È il candido atto dell’ascolto che macchia la nostra coscienza. Questa, una volta “sporcata”, non può più tornare intonsa. È il destino di ogni racconto, che forse si scontra con il paradosso per eccellenza del linguaggio: il dramma del dover dire sapendo di non poter rispettare con fede la veridicità dei fatti, qualunque essi siano. Il tema del romanzo è sviluppato proprio su questa profonda frustrazione umana e filosofica. “Ascoltare è davvero pericoloso -pensai- significa sapere, significa essere informato ed essere al corrente, le orecchie sono prive di palpebre che possano chiudersi istintivamente di fronte a ciò che viene pronunciato, non si possono proteggere da ciò che si presume stia per essere ascoltato, è sempre troppo tardi. Ormai sappiamo, è ciò che probabilmente macchia i nostri cuori cosi bianchi, o forse pallidi e timorosi, o codardi”. Come sovente accade con Marias, è una frase di Shakespeare a fare da architrave al libro. Esiste l’indicibile? O meglio ancora, è narrabile? Il protagonista del romanzo incarna il senso della moltitudine sterile di ogni lingua. Egli, traduttore, soccombe alla verità dei fatti. Uomini misteriosi che devastano le vite delle donne a lui più vicine. L’uomo e narratore osserva asetticamente la realtà che lo circonda, quasi privo di emozioni. Lo stesso uomo, lo stesso narratore, soccombe alla sconfitta primigenia del linguaggio: “E se fosse qualcosa che non si può raccontare? – Che vuol dire? Tutto si può raccontare. Basta mettere una parola dietro l’altra. – Qualcosa che non si può raccontare. Qualcosa che è passato da tempo, ogni tempo ha i suoi racconti, e se si lascia passare l’occasione, allora, a volte, è meglio tacere per sempre. Le cose decadono e diventano inopportune. – Io credo che il tempo non passi per nessuna cosa, resta tutto lì, in attesa di farlo tornare. E poi, a tutti piace raccontare la propria storia, anche a quelli che non ce l’hanno. Se i racconti sono diversi, il significato è lo stesso.”

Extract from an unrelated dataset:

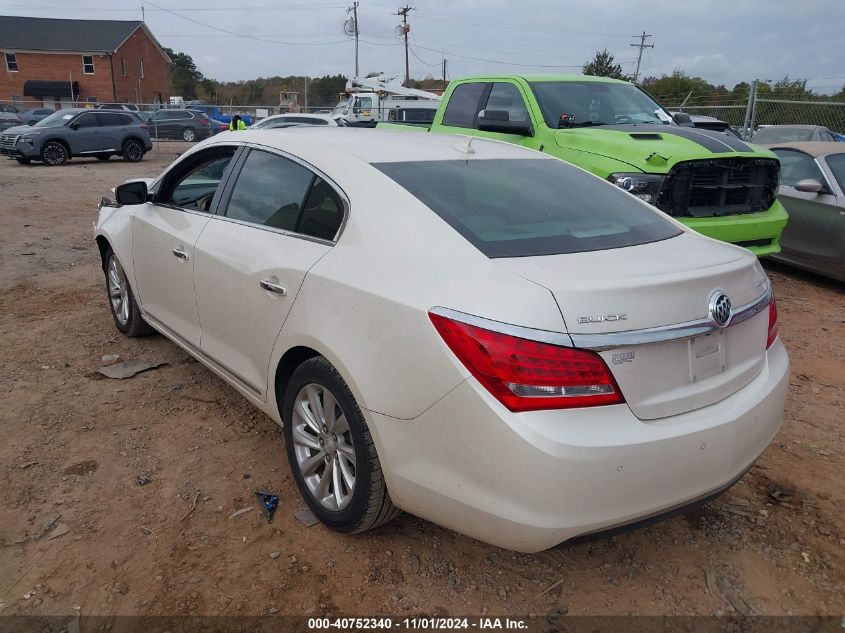 VIN 1G4GB5GR4EF235995 2014 BUICK LACROSSE no.3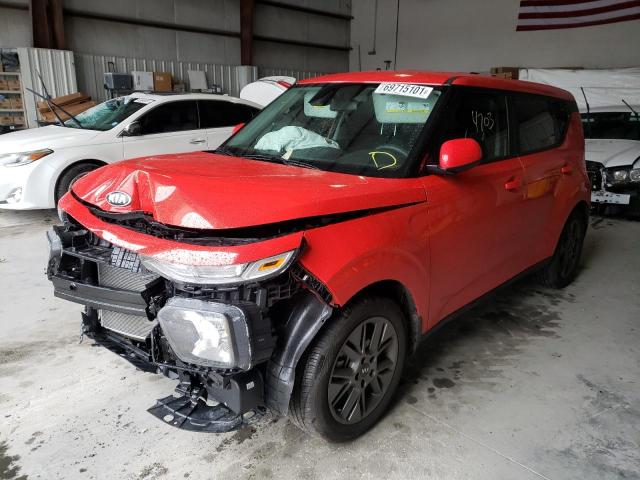 Photo 1 VIN: KNDJ23AU9M7149084 - KIA SOUL LX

La narrazione è articolata su piani ripetitivi, su visioni quasi oniriche di personaggi che assomigliano a se stessi, che forse, in realtà, sono loro stessi. Il protagonista si ripete e ripete la sua esistenza senza poterla capire né giustificare negli atti, anzi, nelle parole del padre. Gli amori e i tradimenti si ripetono nella storia sfuocata degli eventi cui il narratore era sia testimone che attore. I personaggi del romanzo si confondono e si sovrappongono in un maestoso e spregiudicato gioco di specchi letterario che si sposta costantemente tra l’esperienza e la narrazione del ricordo. Il risultato è, oltre che un elogio alla cronaca, la manifesta sconfitta del riscontro della verità: “non avevo nessuna possibilità di conoscere la verità, cosa che, tra l’altro, non mi è mai sembrata determinante al momento di prendere posizione per qualcosa o per qualcuno.”
Un libro difficile e magnificente, un mattone da piantare saldamente nel muro della cultura personale.